From e77ad574233b779519a253c6f58197c339e9100a Mon Sep 17 00:00:00 2001
From: Adin Scannell <ascannell@google.com>
Date: Tue, 7 Jan 2020 17:25:18 -0800
Subject: Fix partial_bad_buffer write tests.

The write tests are fitted to Linux-specific behavior, but it is not
well-specified. Tweak the tests to allow for both acceptable outcomes.

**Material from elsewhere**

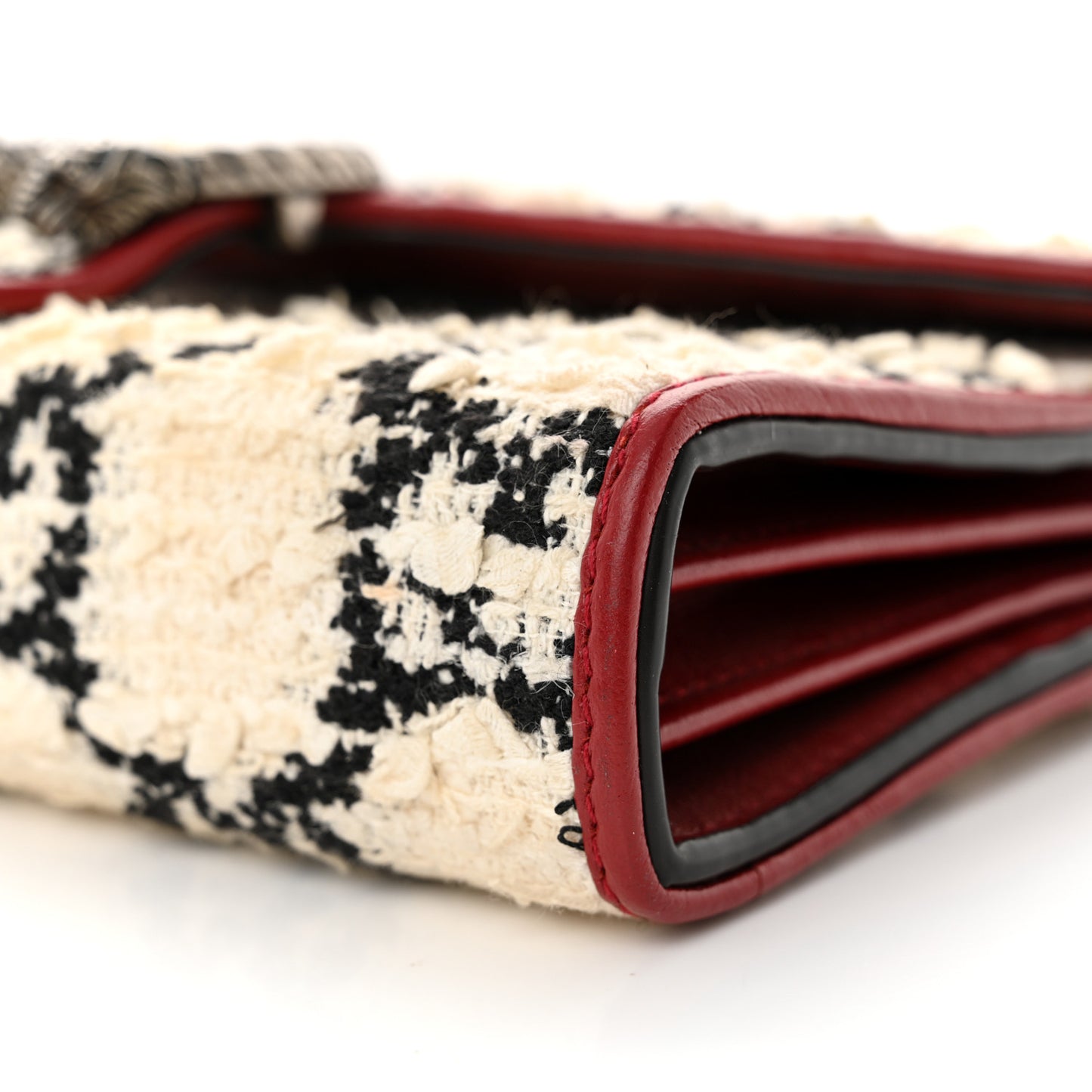 Tweed GG Monogram Mini Dionysus Chain Wallet White Black Romantic Cherry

PiperOrigin-RevId: 288606386
---
 test/syscalls/linux/partial_bad_buffer.cc | 138 ++++++++++++++----------------
 1 file changed, 64 insertions(+), 74 deletions(-)

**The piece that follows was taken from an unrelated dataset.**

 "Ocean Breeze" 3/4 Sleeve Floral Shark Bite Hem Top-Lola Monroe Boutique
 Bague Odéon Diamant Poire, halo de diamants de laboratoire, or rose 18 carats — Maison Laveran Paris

diff --git a/test/syscalls/linux/partial_bad_buffer.cc b/test/syscalls/linux/partial_bad_buffer.cc
index 33822ee57..df7129acc 100644
--- a/test/syscalls/linux/partial_bad_buffer.cc
+++ b/test/syscalls/linux/partial_bad_buffer.cc
@@ -18,7 +18,9 @@
 #include <netinet/tcp.h>
 #include <sys/mman.h>
 #include <sys/socket.h>
+#include <sys/stat.h>
 #include <sys/syscall.h>
+#include <sys/types.h>
 #include <sys/uio.h>
 #include <unistd.h>
 
@@ -62,9 +64,9 @@ class PartialBadBufferTest : public ::testing::Test {
     // Write some initial data.
     size_t size = sizeof(kMessage) - 1;
     EXPECT_THAT(WriteFd(fd_, &kMessage, size), SyscallSucceedsWithValue(size));
-
     ASSERT_THAT(lseek(fd_, 0, SEEK_SET), SyscallSucceeds());
 
+    // Map a useable buffer.
     addr_ = mmap(0, 2 * kPageSize, PROT_READ | PROT_WRITE,
                  MAP_PRIVATE | MAP_ANONYMOUS, -1, 0);
     ASSERT_NE(addr_, MAP_FAILED);
@@ -79,6 +81,15 @@ class PartialBadBufferTest : public ::testing::Test {
     bad_buffer_ = buf + kPageSize - 1;
   }
 
+  off_t Size() {
+    struct stat st;
+    int rc = fstat(fd_, &st);
+    if (rc < 0) {
+      return static_cast<off_t>(rc);
+    }
+    return st.st_size;
+  }
+
   void TearDown() override {
     EXPECT_THAT(munmap(addr_, 2 * kPageSize), SyscallSucceeds()) << addr_;
     EXPECT_THAT(close(fd_), SyscallSucceeds());
@@ -165,97 +176,99 @@ TEST_F(PartialBadBufferTest, PreadvSmall) {
 }
 
 TEST_F(PartialBadBufferTest, WriteBig) {
-  // FIXME(b/24788078): The sentry write syscalls will return immediately
-  // if Access returns an error, but Access may not return an error
-  // and the sentry will instead perform a partial write.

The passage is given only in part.